Pipelining

Let's look at the execution of an instruction
- Fetch the instruction
- Decode the instruction
- Fetch data
- Execute the instruction
- Store data
What parts of our simple machine are in use durring any phase?
If we made a change in our instruction set this would change somewhat
- The pc is independant of all other operations
- We do have some bus contention, but that can be worked out.

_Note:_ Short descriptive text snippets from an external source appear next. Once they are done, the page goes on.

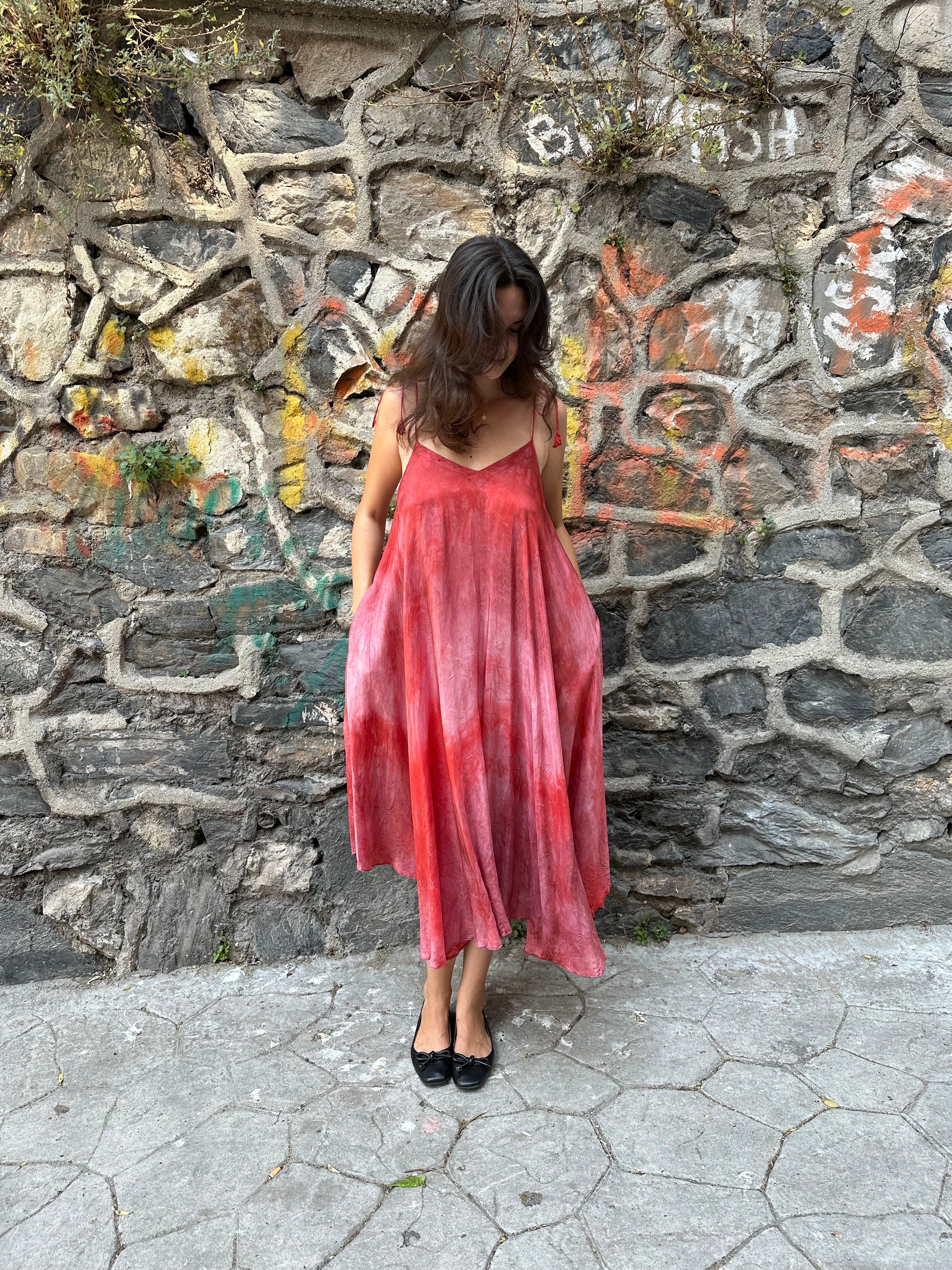 vegan silk dress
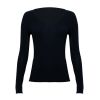 New Arrivals V neck Seamless Fine Knit 18G Plain Inner wear Merino Wool Basic Sweater Knitted Top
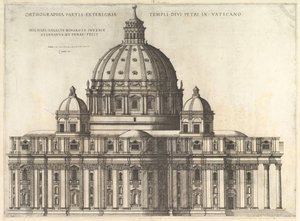 Speculum Romanae Magnificentiae: Elevazione che mostra l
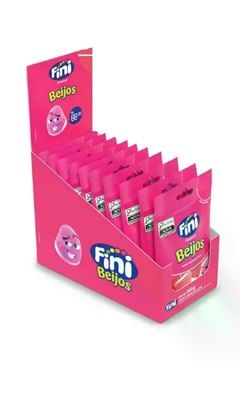 GELATINA FINI BEIJOS DE MORANGO 10X35G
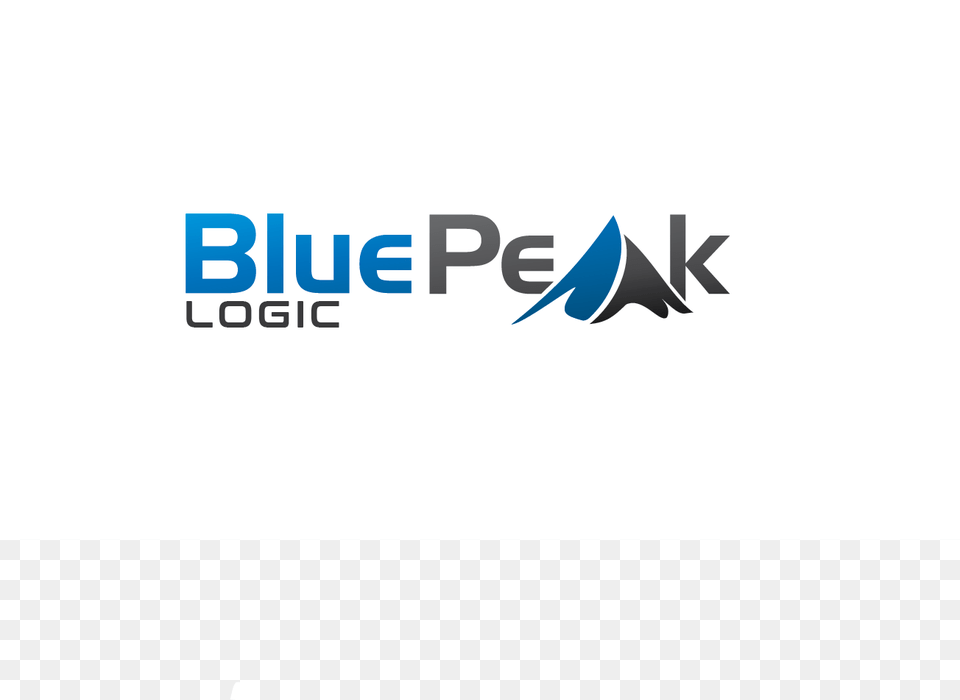 Blue Peak Logic Logo Graphic Design Free Transparent Png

- We only use the ALU once
- Perhpas the registers twice
- But the memory is used multiple times
- Increase the number of registers
- The only instructions that interact with memory are load and store instructions
  - Load R1 R2, R3 R1<-M[R2+R3]
  - Store R1, R2, R3 M[R2+R3]<-R1
  - We want two registers for array access, base plus offset
- All other operations are register register
  - Add R1, R2, R3 R₁<-R₂+R₃
- We would eliminate one of the memory access if we did this
  - Fetch the Instruction
  - Decode the instruction
  - Execute the instruction
  - Memory Operation
  - Write Back
- Write back is for a load
  - Fetch the load
  - Decide it is a load
  - Compute the address of the data
  - load the data
  - Store it in the registers
- Store
  - F, D
  - Compute the Address
  - Save the Data
  - Nothing
- Add R1, R2, R3
  - F, D
  - Compute R2+R3
  - Nothing
  - Save the result in R1
- Jump addres
  - F, D,
  - Compute Offset of jump
  - Change PC
  - Nothing
Timing diagrams
- Instruction, time period: plot stage
- Stage, time period : plot instruction
- instruction, stage: plot time period
  - Trace each way
  - If we have a k-stage pipeline
    - The clock rate is t_p
    - It can execute a single stage in t_p
    - It can execute a single instruction in k*t_p
    - It can execute two instructions in k*t_p + t_p
    - This is really (k+n-1) * t_p
    - How would this work without a pipeline? n*k*t_p
    - One way to compute speedup is old time divided by new time.
    - This would be ((k+n-1)*t_p) / n*k*t_p
    - take out a t_p, and we ale left with nk/(k+n-1).
    - Take a limit as n goes to infinity, and we have k
    - This is idealized, and we will see why it doesn't work in the end.